Hi,

Am 06.07.2011 um 21:24 schrieb Peskin, Eric:

> We have a cluster managed by SGE.  Specifically, this is the version from the 
> rpm sge-V62u4-1 installed on a Linux cluster running Rocks.
> 
> We want to start charging users for use of the cluster.  Our plan is to 
> charge by the core hour.  In other words, using one CPU core for 12 hours 
> should cost the same as using 12 CPU cores for 1 hour.
> 
> I think I should be able to gather this information using qacct.  For 
> example, if I understand correctly,
> 
>       qacct -o -d 30
> 
> should output usage for each user over the last 30 days.

not directly. It will look into the accounting file for jobs which started in 
the last 30 days and also finished already. For still running ones it can't 
generate any output. Also jobs started before "now -30 days" aren't taken into 
account.

To start, you can look into an individual entry for a job by "-j <job_id>".

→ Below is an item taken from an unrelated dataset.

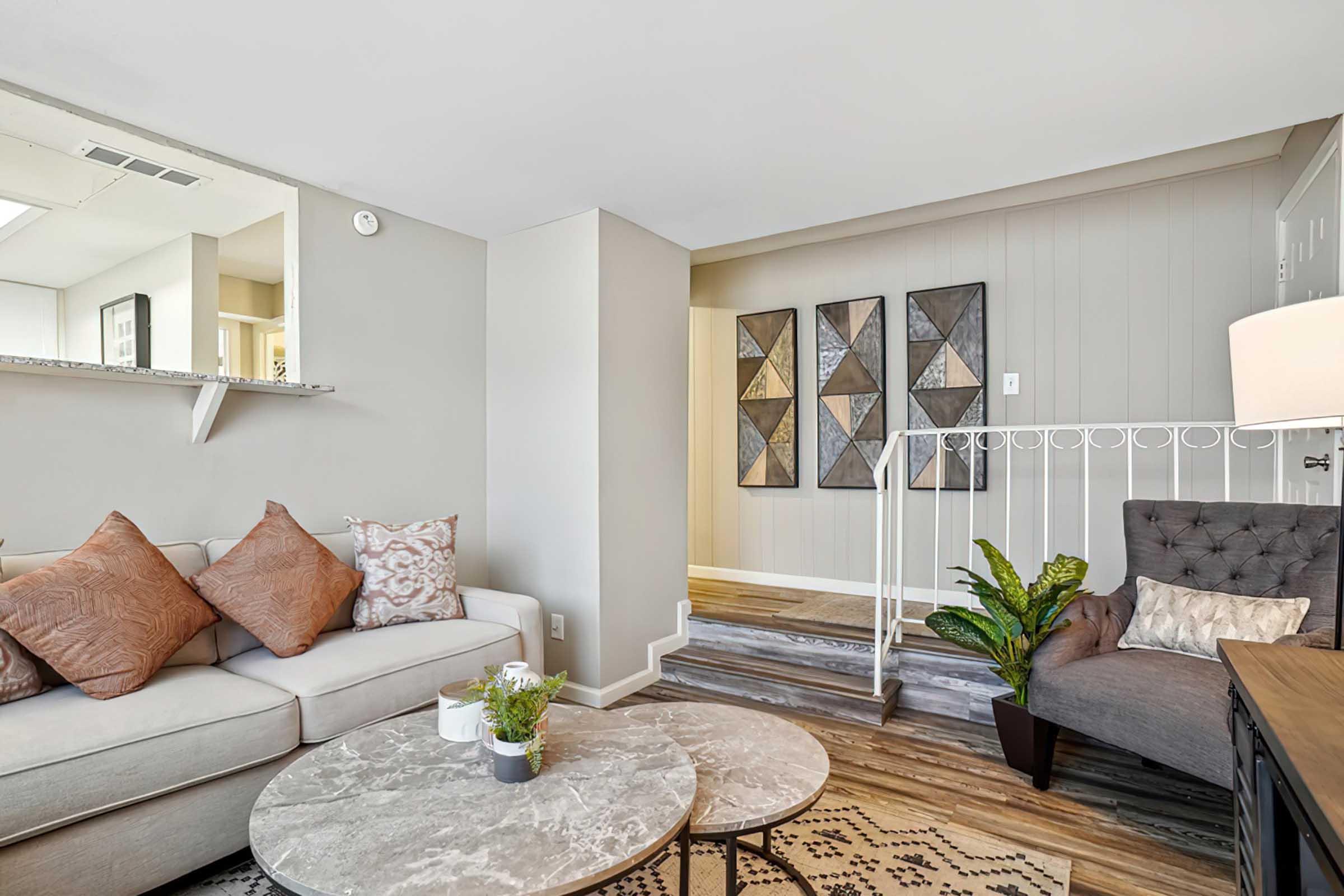 A cozy living room featuring a light-colored sofa adorned with decorative pillows, a round marble coffee table, and a plant. A stylish gray armchair is positioned nearby, with a small side table and lamp. The room is illuminated with natural light, and decorative wall art adds a modern touch. A staircase leads to another area.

> However, I am still unclear (after having read the man page and some web 
> sites) on the interpretation of the various columns of output from qacct 
> (especially WALLCLOCK, UTIME, STIME, and CPU).

While UTIME and STIME are values computed by the kernel, the CPU and MEM (IO 
too) are computed by SGE's shepherd. If no process (of a serial ot Open MP) job 
is jumping out of the process tree, the computed values by the kernel, should 
almost be the same as the ones computed by SGE. As SGE is using an additonal 
group ID to keep track of it, the kernel can only generate the correct values 
in case a normal end of a job. If you used `qdel`, these values are often wrong 
(the ones by the kernel).


>  Sometimes the value in the WALLCLOCK column is greater than that in the CPU 
> column and sometimes it is the other way around.  Also, sometimes the CPU 
> column is the sum of UTIME + STIME, but sometimes it is quite different.
> 
> I want to make sure we get this right in the face of parallelism.  SGE has 
> multiple ways to run jobs in parallel (e.g., qmake, array jobs, and parallel 
> environments).

If you run a parallel job, it's important to have a proper tight integration of 
all slave processes into SGE, i.e. slave tasks are started by `qrsh - inherit 
...`, and not by `ssh` or `rsh` from one node to another. One way to spot a 
wrong setup is to disable `ssh` and `rsh` inside the cluster (I usually limit 
it to admin staff), and force users to even use `qrsh -l node22` or alike in 
case they want to check the state of a job on the nodes (here you could also 
limit h_cpu to 60 to avoid abuse of this granted feature).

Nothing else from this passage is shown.